In order to circumvent this problem, a stable approach based on the ECOC framework is used: the ideal output vector \(\mathbf {v}({\mathcal {C}}_i)\) for each class \({\mathcal {C}}_i\) is considered, \(\mathbf {v}({\mathcal {C}}_i) = (c_1, \dots , c_{Q-1})\) where \(c_j = 1\{{\mathcal {C}}_j \prec {\mathcal {C}}_i\}\), i.e. a vector with ones in all positions corresponding with classes which are lower than \(\mathcal {C}_i\) in the ordinal scale. This makes the ideal output vector for a sample \({\mathbf {x}}_i\) with label \(y_i = {\mathcal {C}}_k\) be:

$$\begin{aligned} \mathbf {v}({\mathcal {C}}_k) = (c_1, ..., c_{k-1}, c_k, ..., c_{Q-1}) = (1, ..., 1, 0, ..., 0), \end{aligned}$$
(9)

i.e., for a 4 class ordinal problem with labels \({\mathcal {C}}_1\), \({\mathcal {C}}_2\), \({\mathcal {C}}_3\), and \({\mathcal {C}}_4\) the ideal outputs would be \(\mathbf {v}({\mathcal {C}}_1) = (0,0,0)\), \(\mathbf {v}({\mathcal {C}}_2) = (1,0,0)\), \(\mathbf {v}({\mathcal {C}}_3) = (1,1,0)\), and \(\mathbf {v}({\mathcal {C}}_4) = (1,1,1)\).
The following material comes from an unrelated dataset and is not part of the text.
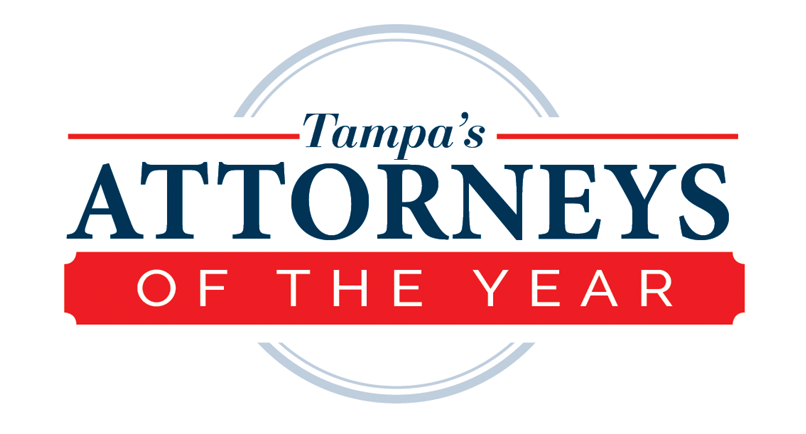 Tampa's Attorney's of the Year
The decision rule is based on determining the ideal vector which minimizes the distance to the obtained output vector \(\mathbf {o}\):

$$\begin{aligned} {\hat{y}}_i = {\mathop {{{\,\mathrm{arg\,min}\,}}}\limits _{{\mathcal {C}}_1 \preceq {\mathcal {C}}_q \preceq {\mathcal {C}}_Q }} \left\Vert \mathbf {o} - \mathbf {v}({\mathcal {C}}_q) \right\Vert _2, \end{aligned}$$
(10)

where \(\Vert \cdot \Vert _2\) is the \(L_2\) norm. This distance metric is selected in order to align it with the loss function of the optimization process.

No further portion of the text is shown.